- _What you are asked to do_:
Copy the entries below exactly; any picture among them should be left out.

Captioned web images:

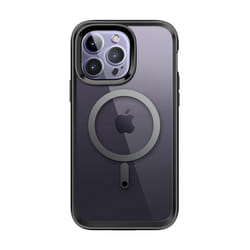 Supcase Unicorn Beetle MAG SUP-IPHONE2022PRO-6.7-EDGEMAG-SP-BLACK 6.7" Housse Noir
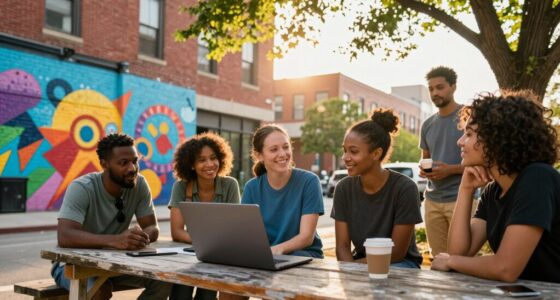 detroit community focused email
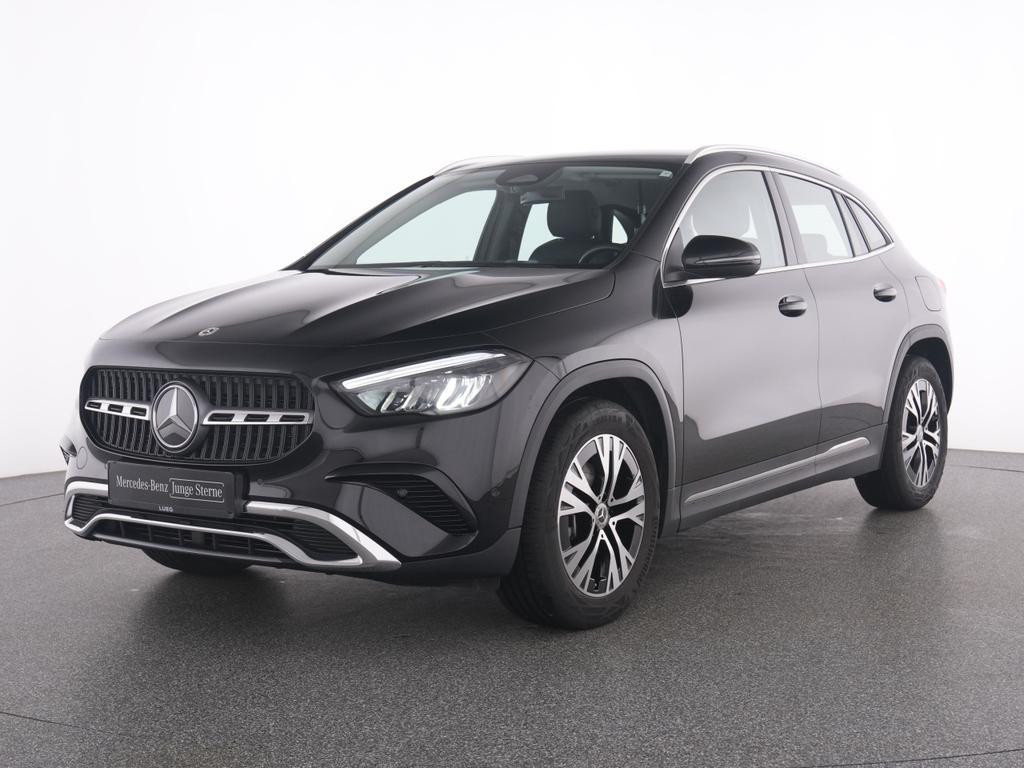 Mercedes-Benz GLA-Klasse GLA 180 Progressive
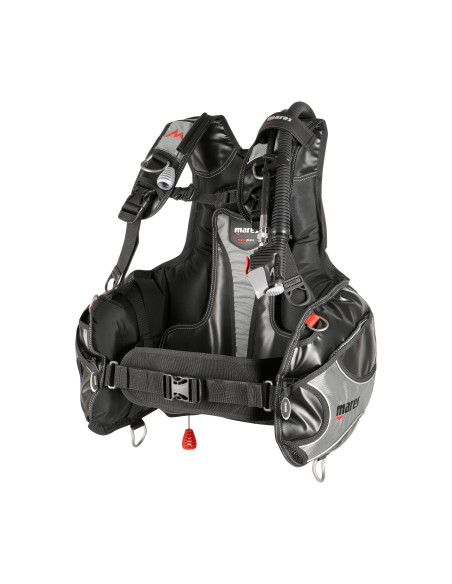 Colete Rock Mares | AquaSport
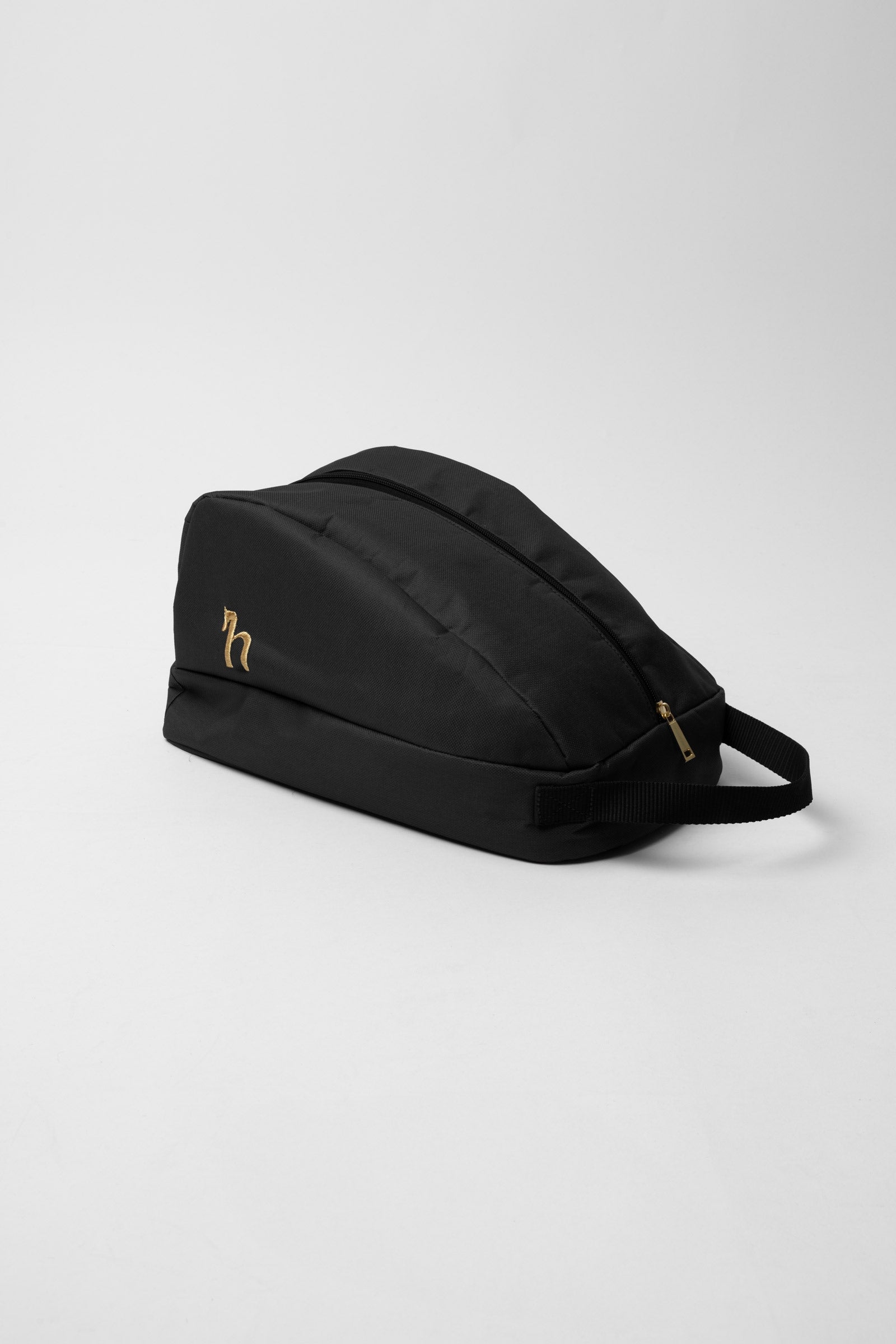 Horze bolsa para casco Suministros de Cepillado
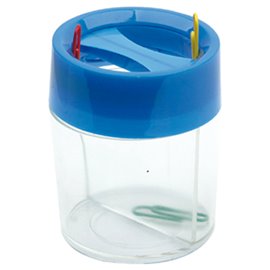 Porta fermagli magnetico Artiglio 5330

- _The answer_:
 Supcase Unicorn Beetle MAG SUP-IPHONE2022PRO-6.7-EDGEMAG-SP-BLACK 6.7" Housse Noir
 detroit community focused email
 Mercedes-Benz GLA-Klasse GLA 180 Progressive
 Colete Rock Mares | AquaSport
 Horze bolsa para casco Suministros de Cepillado
 Porta fermagli magnetico Artiglio 5330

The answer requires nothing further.